Boschwitz’s protagonist, Otto Silbermann was not blessed with the foresight to leave. A WWI-veteran, recipient of the Iron Cross, now wealthy businessman and married to a Christian German, Silbermann, with his Aryan looks, considered himself an upstanding citizen, assimilated and safe. The moment when alarm bells should have rung – the moment when the J was stamped into his passport – has passed some time before the opening of the novel. Yet he stayed. But now reality is biting, and the opening chapter sees him haggling with a prospective purchaser over the price of an apartment building. Time is running short, very short. Brownshirts are in the building, and Silbermann is their target. He only just manages to conclude the deal – at a very knocked down rate – and escapes with 200 Reichmarks in his pocket via the back door.
Thus ends chapter one.
It’s not much to survive on, and this pressing need for money (Money means life, especially in wartime.
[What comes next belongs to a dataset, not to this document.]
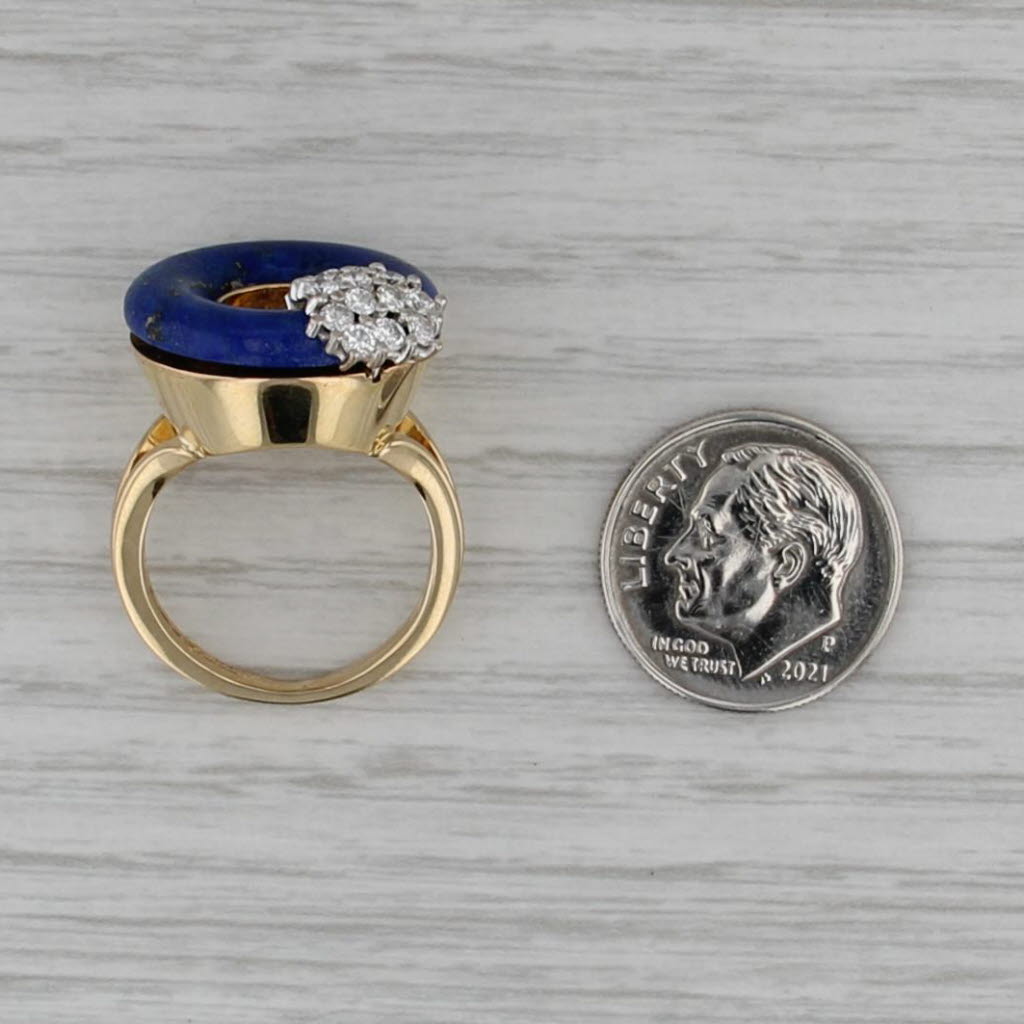 0.48ctw Diamond Blue Lapis Lazuli Hololith Ring 18k Yellow Gold Size 6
A Jew in Germany without money is like an unfed animal in a cage, something utterly hopeless.) is what drives him to jump on the next train to Hamburg in pursuit of his business partner, Becker. When they finally meet – not in Hamburg, but back in Berlin – Becker holds all the aces, fleeces him, but parts with enough cash to give Silbermann hope that the odds might just be beaten.
It’s a long shot. Neighbouring countries have closed their borders to German Jews. Besides he will be arrested and sent to the camps by German border guards. He had been waiting for his son to organise visas for him and his wife to go to Paris. A wait in vain. His only chance is to cross the border illegally. An attempt is made to cross into Belgium. But Silbermann is to find that the money he thinks will guarantee a new life proves to be useless. He is consigned to travelling on trains; a man with his suitcase, crisscrossing Germany to the extent that he knows the national timetable by heart. It’s a nightmarish odyssey of Kafkaesque proportions, if you will. Silbermann is banging his head against a border that just will not open, and his increasing desperation is palpable. Yet, unlike Kafka’s castle, which admittedly I flung at the wall in frustration, I turned Boschwitz’s pages rapidly. As others have pointed out, The Passenger has a real Buchanesque flavour.
On his travels, Silbermann meets a broad section of the German population. They’re not all Nazis, some are prepared to help, some freely, others not. Significantly in his interactions with others less fortunate than himself, Silbermann preserves his humanity though the society in which he finds himself considers him less than a gutter rat.
This version of the novel is not that which Boschwitz left behind. The recently rediscovered German edition has been edited by Peter Graf. The whys and wherefores are recorded in his afterword together with a note that Silbermann’s story, surreal as it may sound, includes real experiences of Boschwitz’s relations. Exile unfortunately did not prevent the author from becoming another victim of the Nazis. War in 1939 made an enemy alien of him in Britain, and he was transported to Australia. In 1942 he was allowed to return, but he died when his ship was torpedoed by a German submarine. He was only 27 years old.
Thank you – I think I’ll have to read this….
Having just finished The Mirador by Élisabeth Gille, your description of this book really jumped out, it’s now been added to the TBR list.